In the second stage, this fluid passes through the ductal tree, where it gets significantly reworked. The ducts reabsorb sodium and chloride but are impermeable to water, so the water stays behind. The result is a final product that’s hypotonic (much lower in salt than blood) with elevated levels of potassium and bicarbonate. This bicarbonate content is what gives saliva its buffering ability, helping maintain the mouth’s pH in its normal range of 6.2 to 7.6.

What Saliva Contains

A healthy adult produces between 0.5 and 1.5 liters of saliva per day. That fluid carries a surprisingly complex mix of substances. Amylase, a digestive enzyme, begins breaking down carbohydrates while food is still in your mouth. Mucins lubricate the oral lining, protecting it from physical damage, toxins, and irritation. Antimicrobial proteins like lysozyme, lactoferrin, and peroxidase help keep bacterial populations in check, along with small defensive peptides that disrupt the cellular structure of microorganisms.

The Three Major Salivary Glands

You have three pairs of major salivary glands. The parotid glands, located in front of each ear, are the largest. The submandibular glands sit beneath the lower jaw and are the second largest. The sublingual glands, the smallest of the three, rest under the tongue. Beyond these six major glands, somewhere between 800 and 1,000 minor salivary glands are scattered throughout the lining of your mouth, throat, nasal passages, and even into the airways and middle ear. Minor glands are most concentrated along the inner cheeks, lips, tongue, and palate.

How Nerves Control Saliva Flow

Both branches of the autonomic nervous system regulate saliva production, but they do so differently. Parasympathetic nerves (the “rest and digest” system) release acetylcholine, which triggers acinar cells to produce a high volume of watery saliva. This is the dominant pathway for everyday salivation. Sympathetic nerves, the ones activated during stress, release noradrenaline, which prompts gland cells to release stored proteins rather than large volumes of fluid. That’s why your mouth tends to feel dry and thick when you’re anxious: the sympathetic system favors protein-rich, low-volume secretion over the watery flow you’re used to.

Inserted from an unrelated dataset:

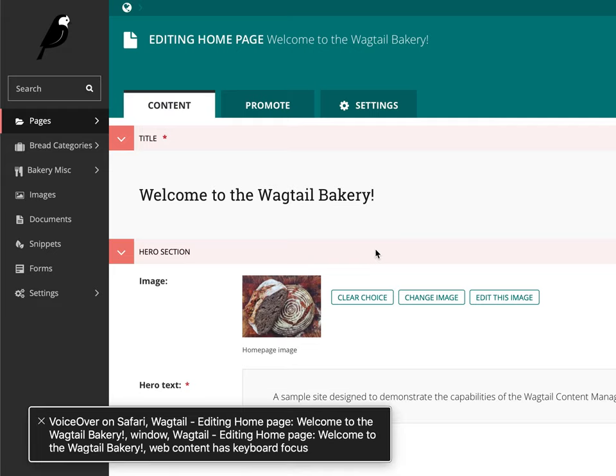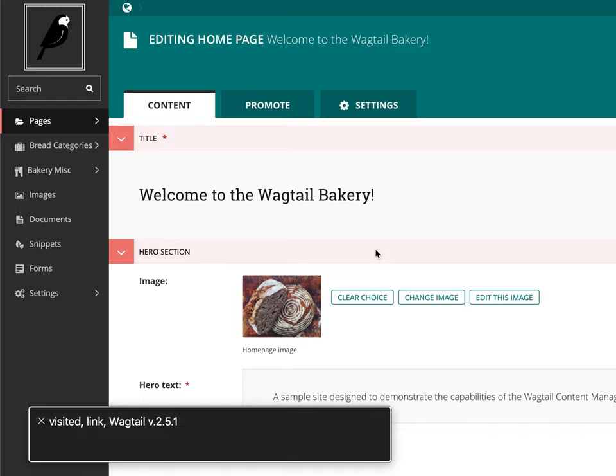VoiceOver on Safari. Wagtail. Editing Homepage. Welcome to the Wagtail Bakery. Visited Link. Wagtail V.2.5.1. Search.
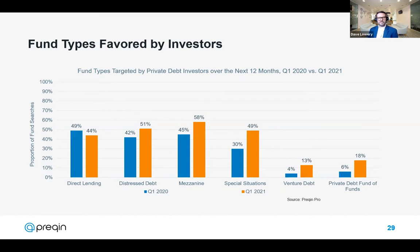When all of the above is taken together, there's a real mix in the types of funds that investors are seeking, with demand right across the risk spectrum. What's particularly interesting as of Q1 2021 is that mezzanine and special situations funds stand out so far this year, with direct lending funds — the largest part of the market as measured by Prequin — seeing less demand.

The Endocrine Side of Salivary Glands

While salivary glands are textbook exocrine glands, they don’t fit entirely in one box. Research published in Frontiers in Endocrinology has documented that salivary glands contain endocrine cells alongside their secretory and immune cells. The submandibular glands in both rats and humans produce melatonin in their striated ducts. The enzyme responsible for synthesizing melatonin has been directly identified in these structures. Evidence also supports the synthesis of steroid hormones, specifically corticosterone and testosterone, within salivary gland tissue. Estrogen receptors have been found in normal human minor salivary glands as well.

In rodents, the submandibular glands are particularly active endocrine-like organs, producing cell growth factors that enter the bloodstream. These findings have led some researchers to describe salivary glands as having a dual identity: primarily exocrine, but with genuine endocrine functions that contribute to hormonal regulation in the body. This doesn’t change their official classification. In any anatomy or physiology course, salivary glands are listed as exocrine. But the biology is more nuanced than the label suggests, and the endocrine role of these glands is an active area of investigation.